◆ TO DO
After locating the line with "the table is" in the entries below, output it and each following line up to and including the line with "Nick Boynton of", exactly and without pictures.

*** EXCERPTED RECORDS ***

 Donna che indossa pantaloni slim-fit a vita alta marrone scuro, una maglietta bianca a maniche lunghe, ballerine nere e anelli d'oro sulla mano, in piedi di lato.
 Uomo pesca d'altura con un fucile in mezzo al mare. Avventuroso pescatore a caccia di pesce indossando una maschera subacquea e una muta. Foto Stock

*** End of EXCERPTED RECORDS ***
*** EXCERPTED RECORDS ***

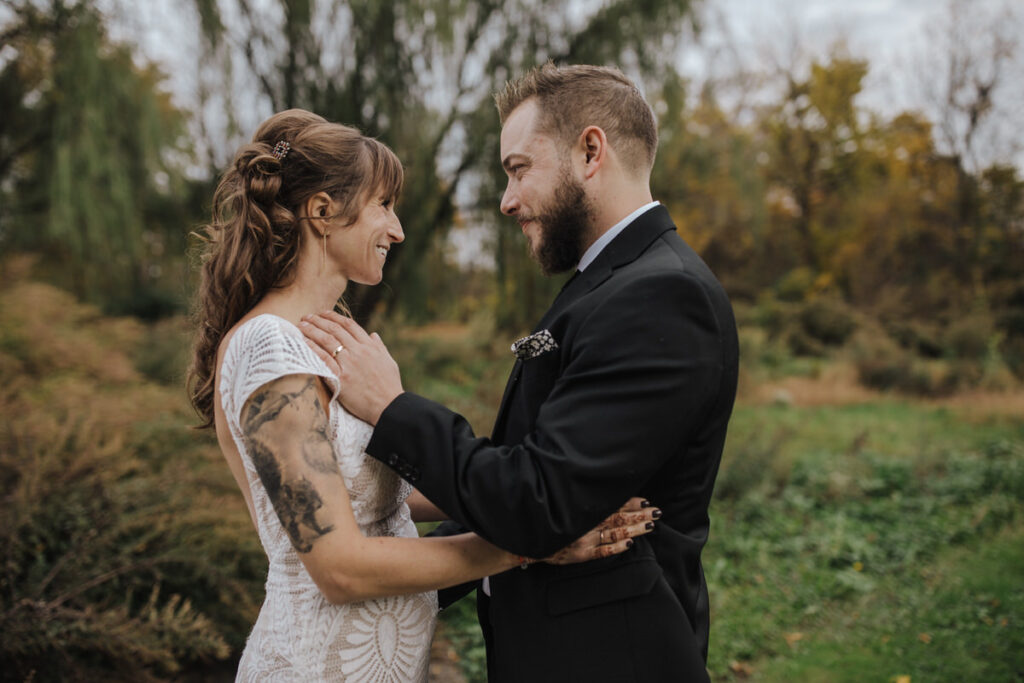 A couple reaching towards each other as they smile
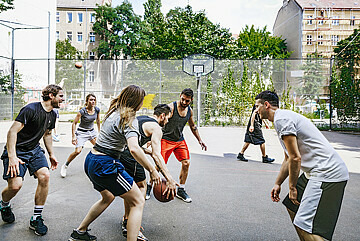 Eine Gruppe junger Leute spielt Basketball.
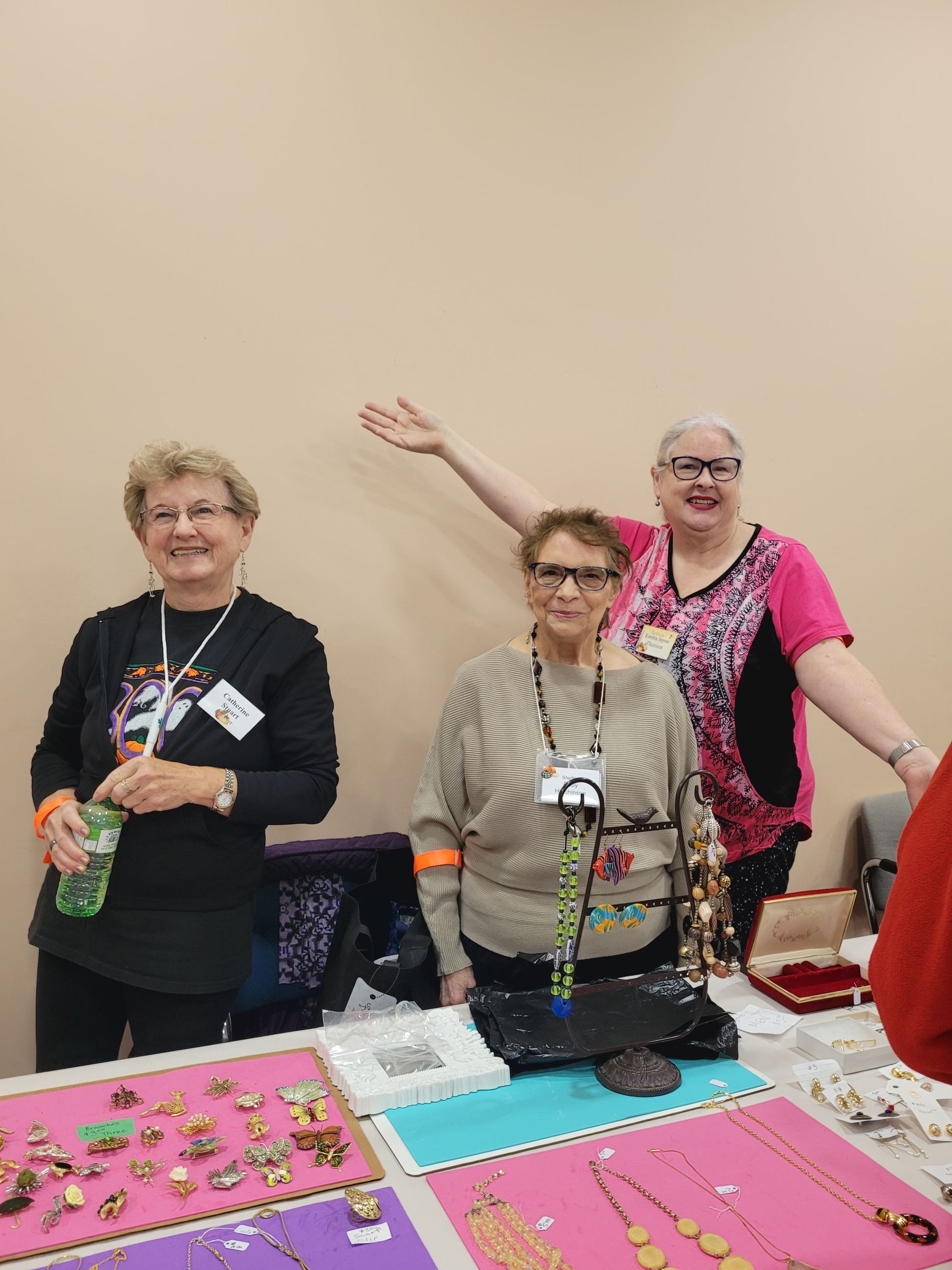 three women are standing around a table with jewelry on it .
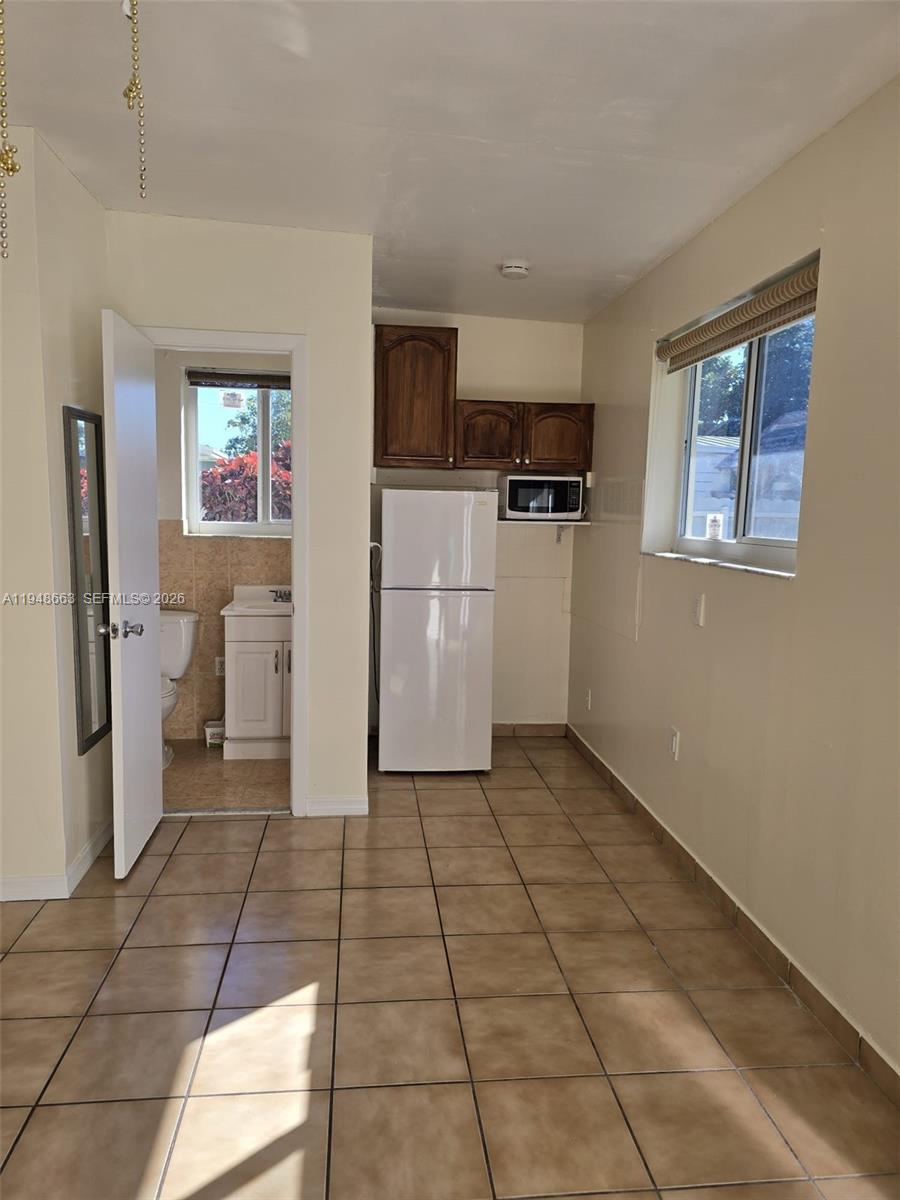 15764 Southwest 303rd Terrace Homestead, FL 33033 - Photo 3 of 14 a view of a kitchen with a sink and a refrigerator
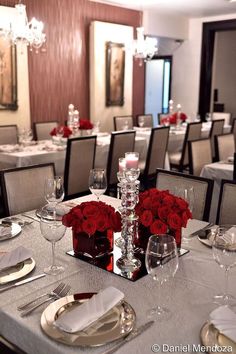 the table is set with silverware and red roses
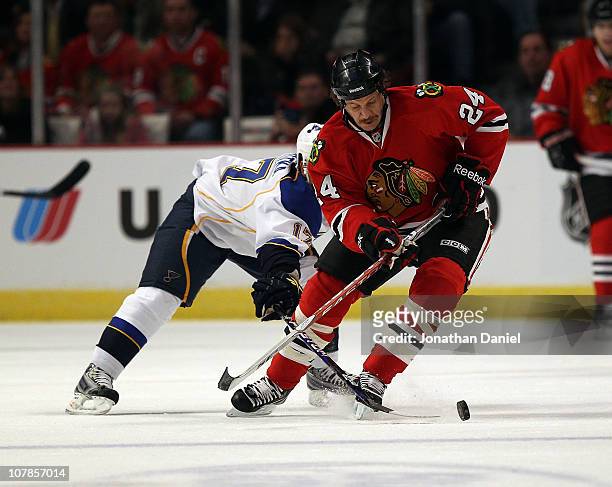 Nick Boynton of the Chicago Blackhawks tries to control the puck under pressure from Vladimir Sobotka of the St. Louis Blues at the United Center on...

*** End of EXCERPTED RECORDS ***
*** EXCERPTED RECORDS ***

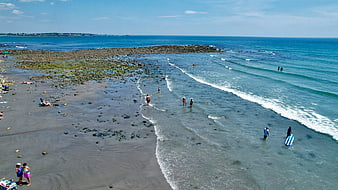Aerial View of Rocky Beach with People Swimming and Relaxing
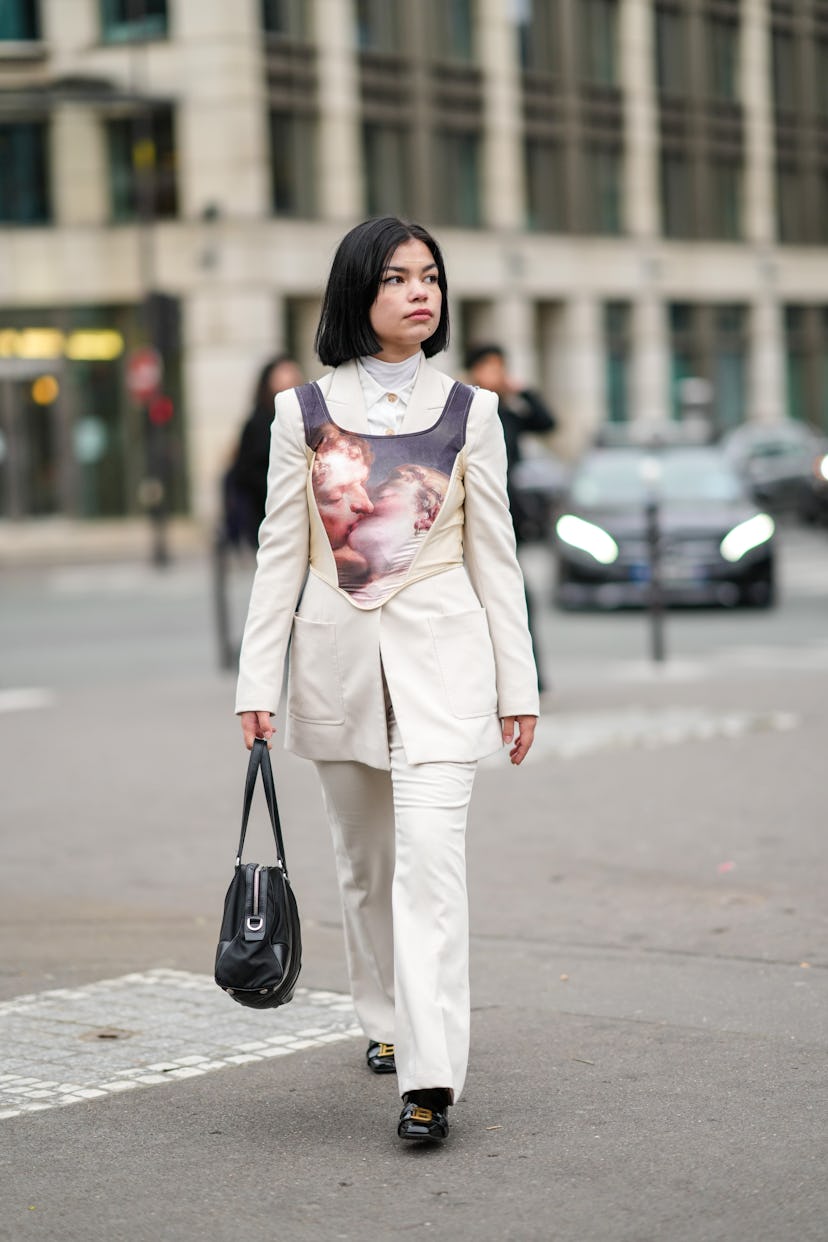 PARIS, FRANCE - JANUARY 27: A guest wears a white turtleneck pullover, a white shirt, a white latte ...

*** End of EXCERPTED RECORDS ***

◆ WRITTEN ANSWER
 the table is set with silverware and red roses
 Nick Boynton of the Chicago Blackhawks tries to control the puck under pressure from Vladimir Sobotka of the St. Louis Blues at the United Center on...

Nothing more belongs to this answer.